UNIX tools for simple, repetitive bioinformatics tasks
Finds sequences shorter than specified length within a fasta file and prints the counts for each sample
Usage: bash tally_short_sequences.sh Fasta_Filename Max_Read_Length
Takes .txt formatted BLAST results from a fasta file and wraps entrez_qiime.py to assign NCBI taxonomic lineages in QIIME format for the top BLAST hit for each OTU.

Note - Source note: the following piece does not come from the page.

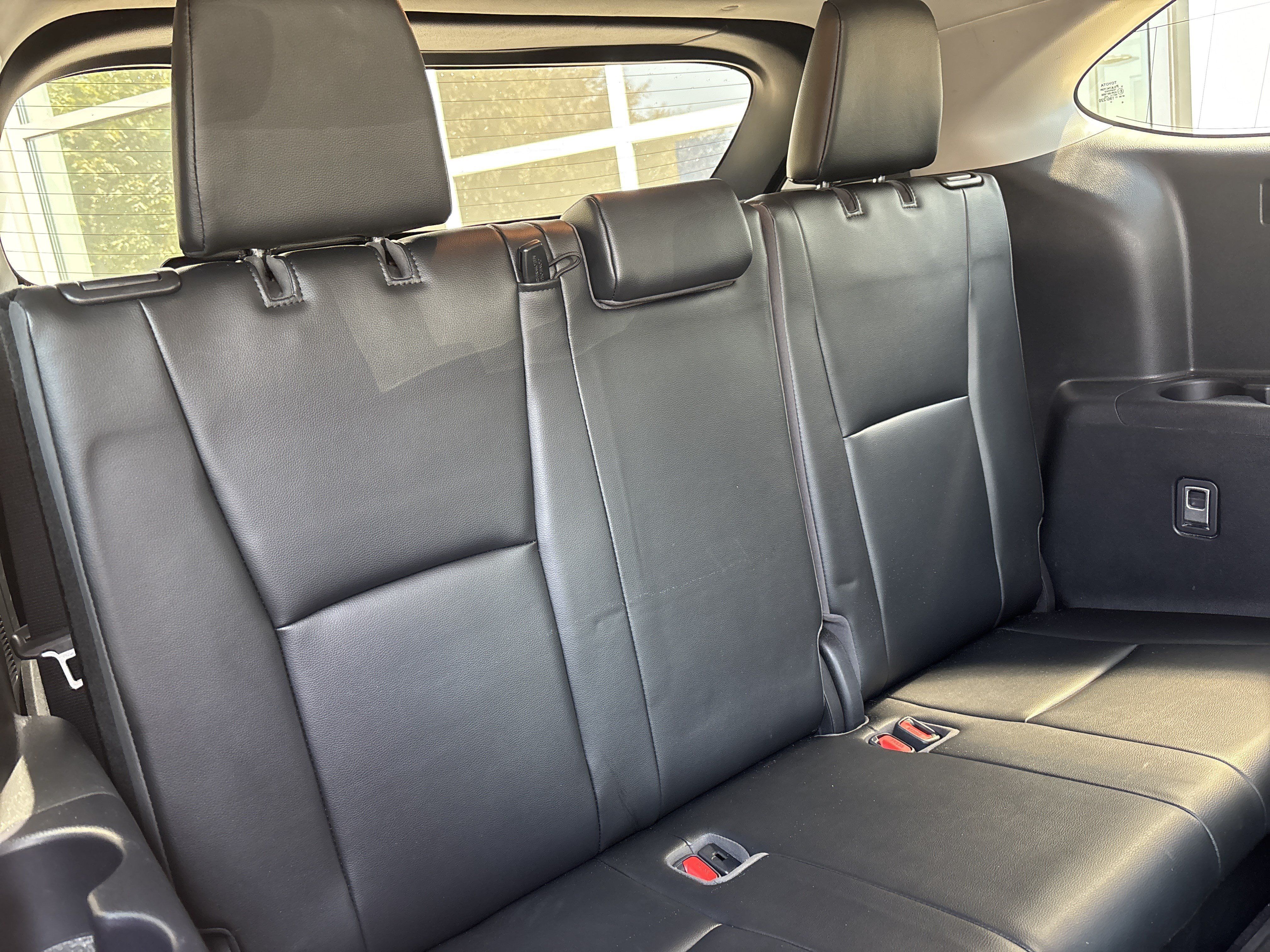 Used 2020 Toyota Highlander XLE AWD/4WD image 29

This script assumes you have a local copy of NCBI taxonomy and entrez_qiime.py
Usage: bash assign_taxonomy_from_blast_results.sh blast_results_text_file ABS/PATH/TO/NCBI/TAXONOMY/FILES/DIRECTORY/ ABS/PATH/TO/DRIECTORY/FOR/entrez_qiime.py
Takes fasta file from NCBI search and creates a QIIME-compatible taxonomy database along with a sequence database that can be used to assign OTUs and taxonomy within QIIME. This allows simple construction of custom databases based on edirect NCBI search results. This script assumes you have a local copy of NCBI taxonomy and entrez_qiime.py
Usage: bash make_qiime_database_from_fasta.sh /ABS/PATH/TO/INPUT_FASTA_FILE /ABS/PATH/TO/DIRECTORY/FOR/entrez_qiime.py /ABS/PATH/TO/NCBI/TAXONOMY/DIRECTORY/ /ABS/PATH/TO/OUTPUT/DIRECTORY/
Takes downloaded accession list and table from the Sequence Read Archive Read Selector Tool and automatically downloads the associated fastq files from those accessions. It then removes low-quality reads, and generates a QIIME compatible concatenated fasta and valid mapping file, ready for OTU-Picking. This allows you to go straight from selecting projects of interest on SRA to picking OTUs in QIIME with any uploaded metadata. This script assumes local copies of QIIME, the fastx_toolkit, and sratools.